Like his original goal Off-Broadway, Harris prioritized bringing new audiences to Broadway—including hosting Black Out Nights to encourage attendance of Black theatregoers as well as buying tickets with his own money to give to those who couldn’t afford Broadway ticket prices.
“The only reason I was ever able to see the one Broadway show I saw was because I got a free ticket,” says Harris. “We don’t have a country that has a generous spirit socially. We live in a ‘GoFundMe’ society, so when I found out how much a Broadway playwright makes, I was like I will ‘GoFund’ some people and maybe other people will feel the need to go fund some tickets for young people to go see this.”
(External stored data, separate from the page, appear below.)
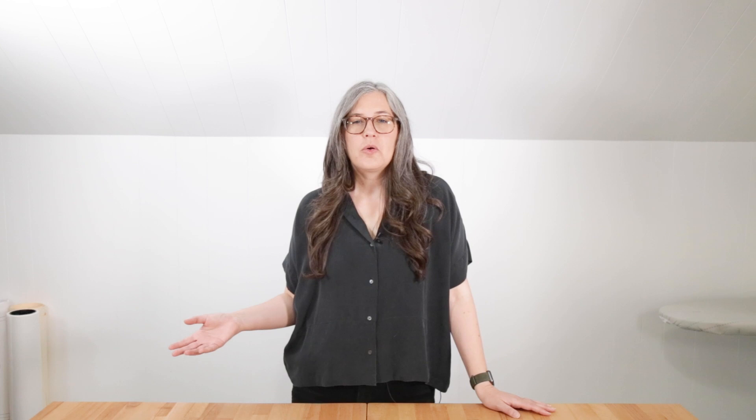Once you get your measurements, it's time to select your size on the size chart, which can be found on the Grainline Studio website or in the We All Sew blog post for this video. If your measurement falls between two sizes — for instance your bust is a 35 and a half — you want to round up and choose the next size. If you fall into different sizes for each measurement, you can either go with a straight size of the largest measurement, or blend between sizes to get a better fit.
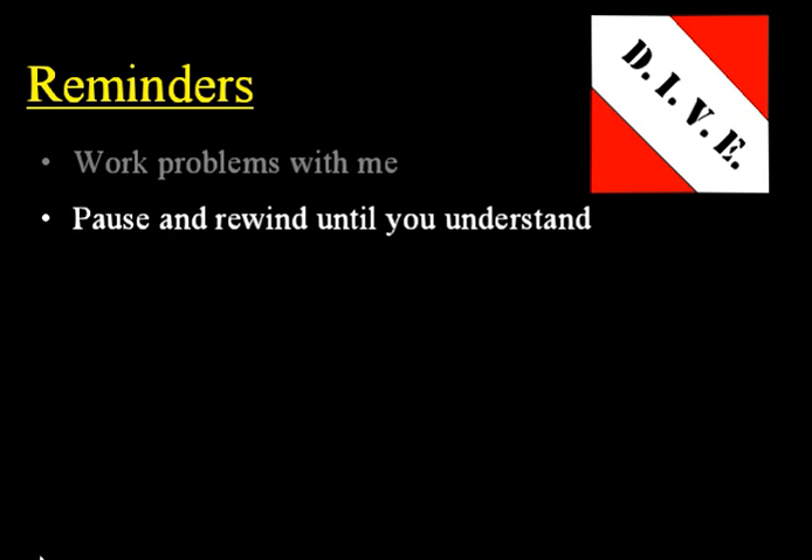Next, anytime you need to, pause and rewind the CD until you understand that particular concept. The ability to pause and rewind so easily is what makes Dive CD lessons so much better than a live classroom lecture, so make sure and take advantage of that technology.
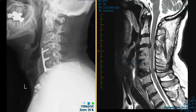Hello, this is Dr. Gay from FirstSync MRI. This is a 64-year-old male who had surgery about 12 years ago. He had neck pain, and they found some disc herniations, and they did a fusion.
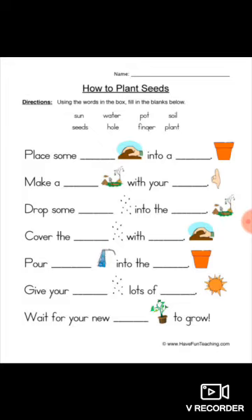Now we will again go through from the start with the answers: Place some soil into a pot. Make a hole with your finger. Drop some seeds into the hole. Cover the seeds with the soil. Pour water into the pot. Give seeds lots of sun. Wait for a new plant to grow. So cool!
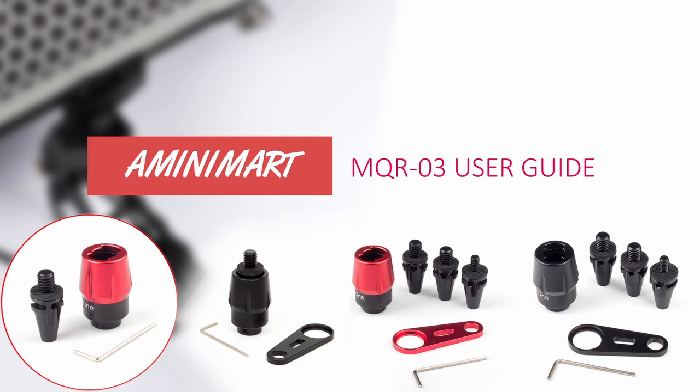Hi, dear all, thanks for watching. First of all, after you get the quick release unit, please follow the steps to release the 3/8" taper pin from the base.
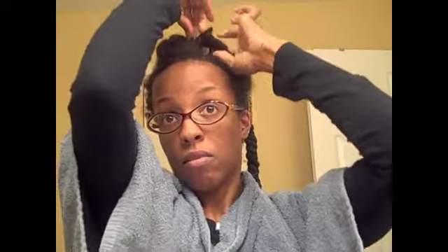Now I am prepping my hair so that I can put in my leave-in conditioner, which is the Kinky Curly Knot Today.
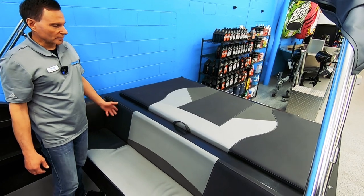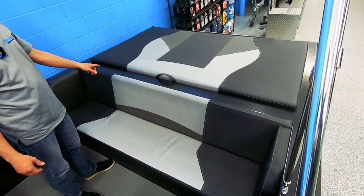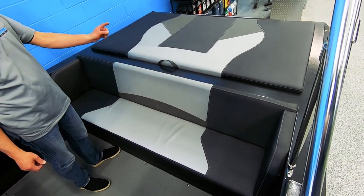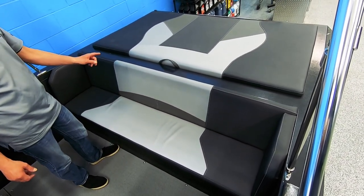This has got a rear bench seat configuration with a full padded engine cover. It's also available with a doghouse-style engine box and side bench seats.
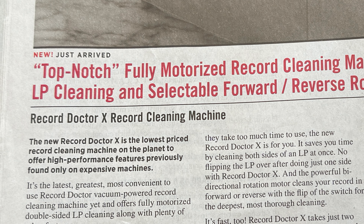Record Doctor 10? Did I miss something? Where was the 7, 8, or even the 9? And this is fully automatic. But I've been bamboozled.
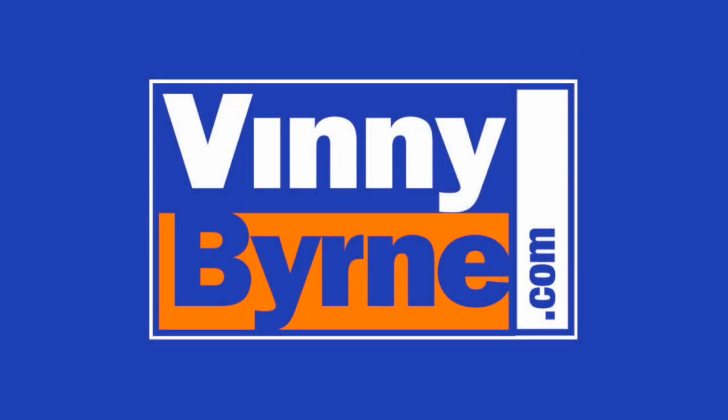If you have any further questions, please contact an advisor at VinnieBorne.com or alternatively email sales@VinnieBorne.com.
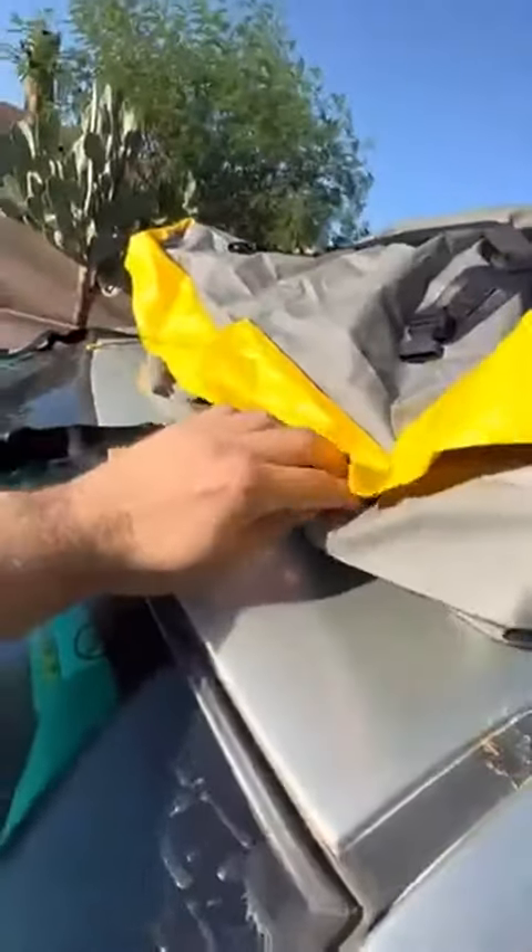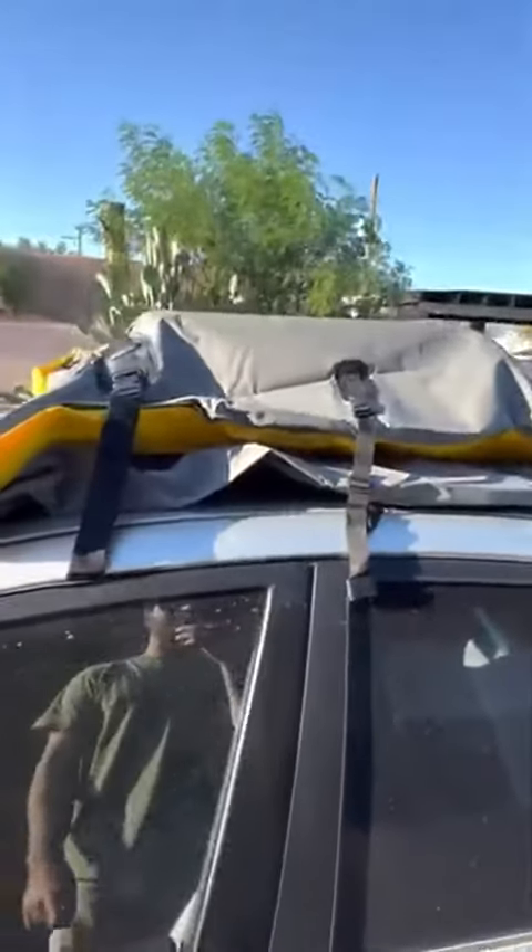It's got a heavy duty zipper, and then velcro to keep the water out from the zipper area, so no water gets in there. I just have a suitcase in there right now, so that's why it doesn't look all puffed up.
While Harris and O’Hara focused their efforts on new audiences, Slave Play caught the eye of Tony Awards nominators. Despite its history-making 12 Tony nominations for the long-postponed 2020 awards ceremony, it didn’t win any.
Still, with a second Broadway engagement underway at the August Wilson Theatre, plus a run at Los Angeles’ Center Theatre Group, it seems like Slave Play’s legacy was never about awards.
“I think Slave Play changed Broadway’s landscape in showing that you can actually invest in a voice that is difficult and complicated—that’s new on Broadway,” says O’Hara. “Broadway is usually trying to please the most people. When you’re trying to please the most people, basically, you’re trying to please white people.”
This return engagement comes on the heels of Broadway theatres reopening, the events of 2020 fresh on everyone’s minds, including the racial reckoning across industries that was sparked by the Black Lives Matter movement.
“I think the events of 2020 sparked for everyone, and mostly non-Black people, the need to do the work in search of truth and the search of seeing the other,” says Ayite. “I hope this time it takes it much further, that it actually translates to real life and the way that people are treated. It’s less about, ‘Oh, this is exciting theatre, but more: how do I create change in communities?’”
Creating tangible change is an idea that’s in Harris’ mind as Slave Play heads across the country to the West Coast. With an initial lineup featuring only one woman playwright, Harris reached out to CTG with plans to withdraw Slave Play from their programming to make space for a woman-identifying playwright. After some productive conversations, CTG has committed to a 2022-2023 season with exclusively women-identifying or non-binary playwrights. “I’ve been really impressed with their willingness to roll up their sleeves and address it,” says Harris.
Harris is also excited for a full-circle moment that the L.A. run will provide. “I spent my 20s in L.A., so I’m exhilarated by the chance to finally show people who knew me as the doorman at a nightclub or the art gallery assistant, who was always talking about doing theatre, that I actually did it and you guys helped me get here.”
Sounds like a party is in order, and who knows what play will be inspired from this one.